X Education, an online education company, faces challenges with its lead conversion process despite generating numerous leads daily. With a typical lead conversion rate of only 30%, they aim to boost efficiency by identifying the most promising leads, termed 'Hot Leads', to focus their sales efforts effectively.Their lead conversion process resembles a funnel, where many leads enter but only a few become paying customers. Effective nurturing of potential leads in the middle stage is crucial for higher conversion rates.To address this issue, X Education seeks assistance in developing a lead scoring model. This model should assign a lead score to each lead, indicating their likelihood of converting into paying customers.

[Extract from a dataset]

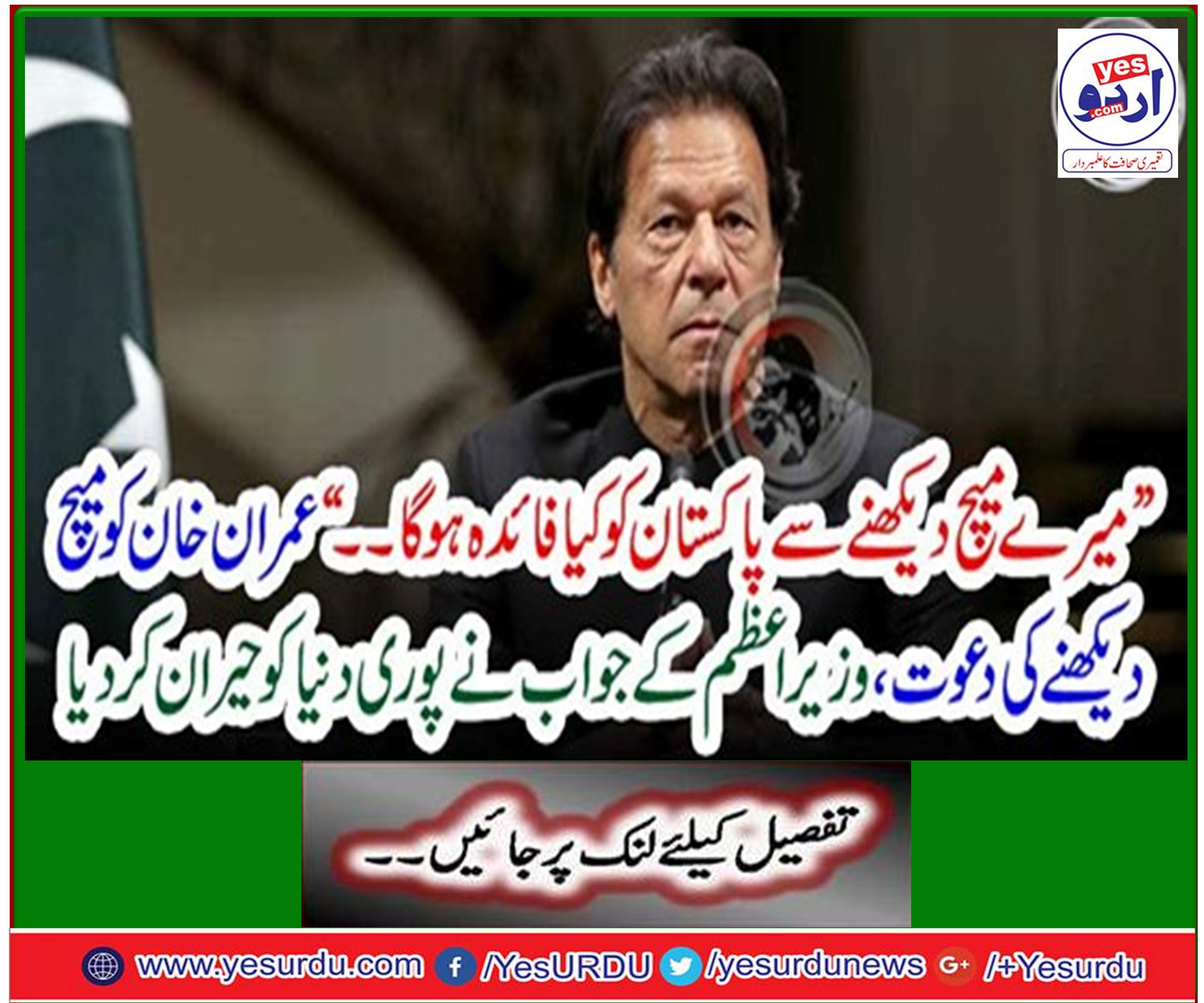 What will be the benefit of Pakistan by seeing the match?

The objective is to prioritize leads with higher scores for focused sales efforts, aiming to achieve a target lead conversion rate of 80%. In summary, X Education desires a model that can accurately predict lead conversion probabilities, facilitating targeted sales strategies and improving overall conversion rates.
1.Data Loading
2.Data Exploration (EDA)
3.Preprocessing
4.Feature Engineering
5.Outlier Analysis
6.Splitting Data into Train and Test Set
7.Model Building
8.Model Performance Benchmarking
9.Model Performance Evaluation
10.Cross Validation + Hyperparameter Tuning
11.Model Diagnosis Using Probability Calibration, ROC AUC Curve, Precision-Recall Curve
12.Making Predictions
13.Prediction on Test Set
14.Precision-Recall
By following these steps, X Education can develop a robust lead scoring system that helps prioritize leads with the highest conversion potential, ultimately improving the efficiency of their sales process.